Ian McCombie

Personal information
- Nationality: British (English)
- Born: 11 January 1961 (age 65) Whitley Bay, England
- Height: 1.82 m (6 ft 0 in)
- Weight: 67 kg (148 lb)

Sport
- Sport: Athletics
- Event: British (English)
- Club: Cambridge Harriers, Bexleyheath

Medal record
Men's athletics
Representing England
Commonwealth Games
| Bronze medal – third place | 1986 Edinburgh | 30 km walk |
| Bronze medal – third place | 1990 Auckland | 30 km walk |

= Ian McCombie =

British racewalker

Ian Peter McCombie (born 11 January 1961) is a British racewalker who competed at the 1984 Summer Olympics and the 1988 Summer Olympics.

== Biography ==
McCombie became the British 10,000m walk champion after winning the AAA Championships title at the 1984 AAA Championships. Shortly afterwards at the 1984 Olympic Games in Los Angeles, he represented Great Britain in the men's 20 kilometres walk event.

At the 1985 AAA Championships MCombie stepped down in distance and became the 3,000m walk British champion. The following year a third AAA title over the 10Km walk ensued, before he represented England and won a bronze medal in the 30 km walk event, at the 1986 Commonwealth Games in Edinburgh, Scotland.

McCombie competed in his second Olympics at the 1988 Olympic Games in Seoul, representing Great Britain in the men's 20 kilometres walk again.

Two years later he represented England and won another bronze medal, at the 1990 Commonwealth Games in Auckland, New Zealand.

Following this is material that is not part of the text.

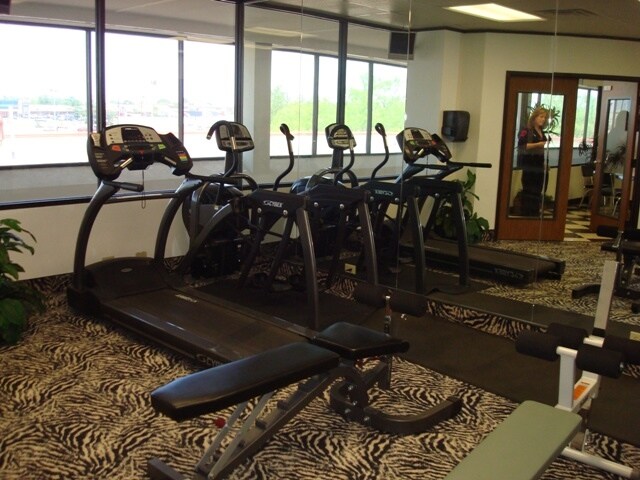 More Photos Of 1330 E 8th St, Odessa Office For Lease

Further AAA titles arrived in 1986, 1987, 1988 and 1991 and he also won the UK Athletics Championships in 1985, 1987, 1988, 1989 and 1990. He was captain of British Walking Team and competed in the World Walking Championships of 1981, 1983, 1985, 1987, 1989 and 1991. McCombie also competed in three World Athletics Championships, 1983 (Helsinki), 1987 (Rome) and 1991 (Tokyo), and finishing 9th in 1987.

McCombie became the President of the Cambridge Harriers in 1999. McCombie became a lawyer for Northern law firm Ward Hadaway, working as their Head of Commercial Dispute Resolution in Leeds. His recent cases include successful defence in the long-running Hillsborough Disaster prosecution (May 2021), and recovering £20.8m for Adrian Fewings MBE (September 2021 - see BBC report).President of Leeds Law Society in 2005/6.